By Harry Walsh
DONEGAL All-Ireland winning captain Anthony Molloy has written a new book about his career which culminated in winning the Sam Maguire Cup in 1992.
The book ‘Anthony Molloy, A Memoir on Life, Glory and Demons’, which was co-written by Donegal News sports journalist Frank Craig, will be launched in the Blue Haven tomorrow night, Friday.
The work is published by Herobooks whose founder is the former Meath footballer, Liam Hayes, who will be present at the launch.
The book tells the story of the rise of Donegal’s first All-Ireland captain but also the painful descent suffered by the Ardara man since uttering those memorable words ‘Sam’s for the hills!’ more than thirty years ago.
For Anthony, the work is a labour of love. In it he recalls an incredible summer and the county’s four-point victory over Dublin. The success and the joy that it brought to the ‘Hills of Donegal’ changed Donegal football forever.
“It was the greatest day of my life. It still is today without a shadow of a doubt,” Molloy said.
Speaking to the Donegal News from Ardara this week. Molloy said he was excited about the book and its launch.
“Writing a book is something I thought about down through the years but I wasn’t sure if my memory would serve me well and, as a result, I always threw the notion back out of my head.
“Last Christmas I received a call from Liam (Hayes) out of the blue. We spoke about ‘92 and Donegal’s success that year and he suggested writing the book, saying that it was almost thirty years on. I played against Liam, he’s the holder of two All-Ireland medals and knows what goes on in the dressing room and on the pitch. He’s also a journalist and a publisher and once we got Frank (Craig) on board I decided to go ahead.
“It would have been impossible to do the project without Frank. He was the ghost-writer and has the expertise and knowledge. He’s interviewed me many times over the years and I trust and respect him. He’s done an excellent job,” he said.
Dogged with knee injuries throughout his career, Molloy had six operations on his left and two more to repair damage to his right knee.
“I played with a lot of painkillers, swelling and fluid on the knee. All I do know is that I wouldn’t be allowed out on the field like that today. I would never have been given a jersey,” he smiles.
Anthony retired twice before 1992 and admits that he is the luckiest man alive.
“I had played for the U21s for two years before hanging up the boots in 1981. I was going to join my brothers in New York and I missed the opening two games in ‘82 before Tom (Conaghan) came knocking.
“Two weeks later I was playing against Down and we would go on to win the All-Ireland U21 title. In ‘91 I decided to hang up the boots again. I was a bit angry with Brian (McEniff) and also with myself. My knee was banjaxed and I thought that was the end of my dreams. I’ll be forever grateful to both Tom and Brian,” he recalled.
Molloy (60) says that Sunday, September 20, 1992 was the greatest day of his sporting life.

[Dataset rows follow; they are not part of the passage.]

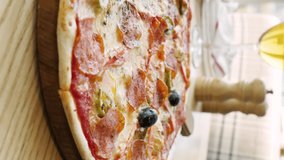 baked pizza with sausage, vegetables and olives. oil is poured on pizza close-up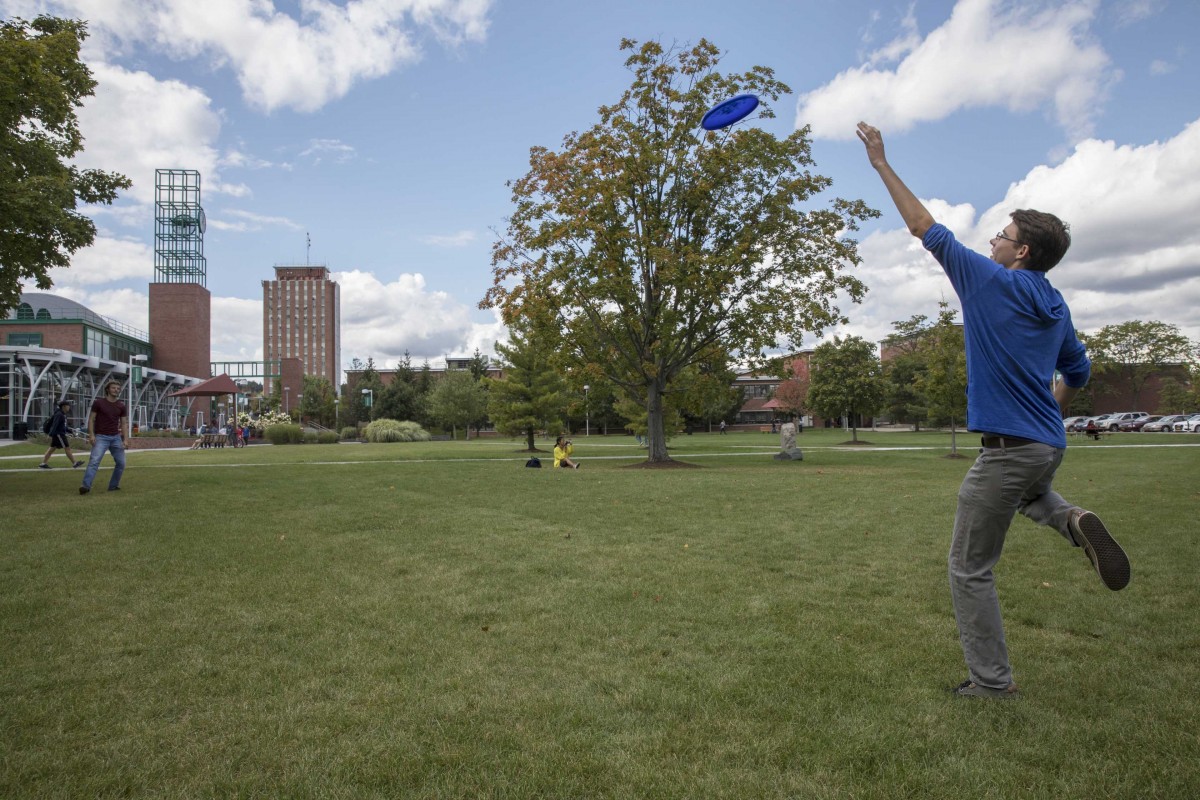 Students play Frisbee on the Peace Quad in 2017.
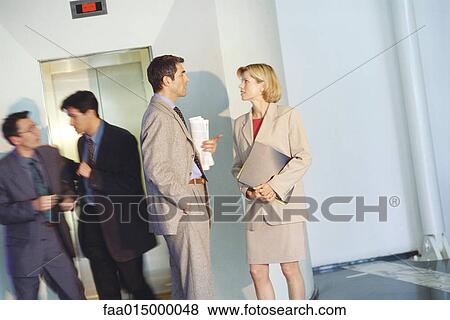 Business associates talking by elevator View Large Photo Image Stock Photo - Business associates talking by elevator. Fotosearch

“I remember it like it was yesterday. To be the first man to lift Sam was a very proud day for me, my family, my parish and for the people of Donegal – both at home and abroad. It was a great time and sparked off unbelievable celebrations,” he said.
The Ardara clubman took six months off his work in the ESB as, by his own admission, everyone wanted to see Anthony and Sam!
“We toured every village and town with Sam. We visited the schools during the day while in the evening I would be opening a pub, club, shop – any sort of business. The celebrations went on well into the New Year,” he said.
With those celebrations came additional personal pressures.
“There’s no doubt it affected my private life,” he admitted. “The nineties was a time when footballers went to the pub after club or county games and, more often than not, stayed there drinking until closing time.
“Thankfully that’s all changed now but it was the culture in my time. I enjoyed interacting with supporters after the game and enjoyed a drink but we always used to be able to run it off in training the following day,” he said.
“When the time came to retire I was not ready. All of a sudden there was a huge vacuum and I did lose my way. The discipline that comes with training and playing is gone. Loneliness played its part too,” he said.
Anthony went on to manage his local Ardara club while he was also club chairman before managing teams in Glen (Naomh Columba).
“It’s something that I wanted to do and I enjoyed it,” he said.
“Lifting Sam was the greatest thing that I’ll ever do in terms of football. Everybody makes mistakes along the way but I’ve no regrets. I’m a very lucky man to have achieved what I did in football,” he added.
Today, Anthony works as a Fianna Fáil member of Donegal County Council.
“It’s a new role for me and I’m still on a learning curve. I’m meeting different people away from the GAA scene and life is good. The book is on the shelves today and I’m excited about the launch,” he said.
With Donegal GAA announcing a new senior management team this week, Anthony believes that the future remains bright for Donegal football.
“You don’t become a bad team overnight. I know it’s taken a while to get the new management team in place but all I ask is that they’re given time and that we’re patient. We’ve had ten golden years and long may that continue,” he said.